Resource Description Framework

This system of defining everything with URIs, and using this to describe the relationships between things, has been formalized in a system known as the Resource Description Framework (RDF). In this section, we’ll look at enough RDF to give us a head start on the rest of the book. For a much deeper insight into RDF, take a look at Shelley Powers’ Practical RDF (O’Reilly).

Because RDF is quite abstract — its ability to be written in different ways notwithstanding — in this chapter we are going to look at what the RDF developers call the “data model,” which we can call “the really simple version, in pictures.”
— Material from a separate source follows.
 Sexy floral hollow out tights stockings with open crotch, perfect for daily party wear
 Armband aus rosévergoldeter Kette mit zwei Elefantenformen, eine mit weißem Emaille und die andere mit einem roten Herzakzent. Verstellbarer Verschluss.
Resources, PropertyTypes, and Properties

As before, within the data model anything (an object, a person, a document, a concept, a section of a document, etc.) can have a URI. In RDF we call anything addressable with a URI a resource.

Some resources can be used as properties of other resources. For example, the concept of “Author” has a URI of its own (all concepts can), and other resources can have a property of “author”. Such resources are called PropertyTypes.

A property is the combination of a resource, a PropertyType, and a value. For example, “The Author of Content Syndication with RSS is Ben Hammersley.” The value can be a string (“Ben Hammersley” in the previous example), or it can be another resource—for example, “Ben Hammersley (resource) has a home page (PropertyType) at (resource).”

Nodes and Arcs

RDF’s ...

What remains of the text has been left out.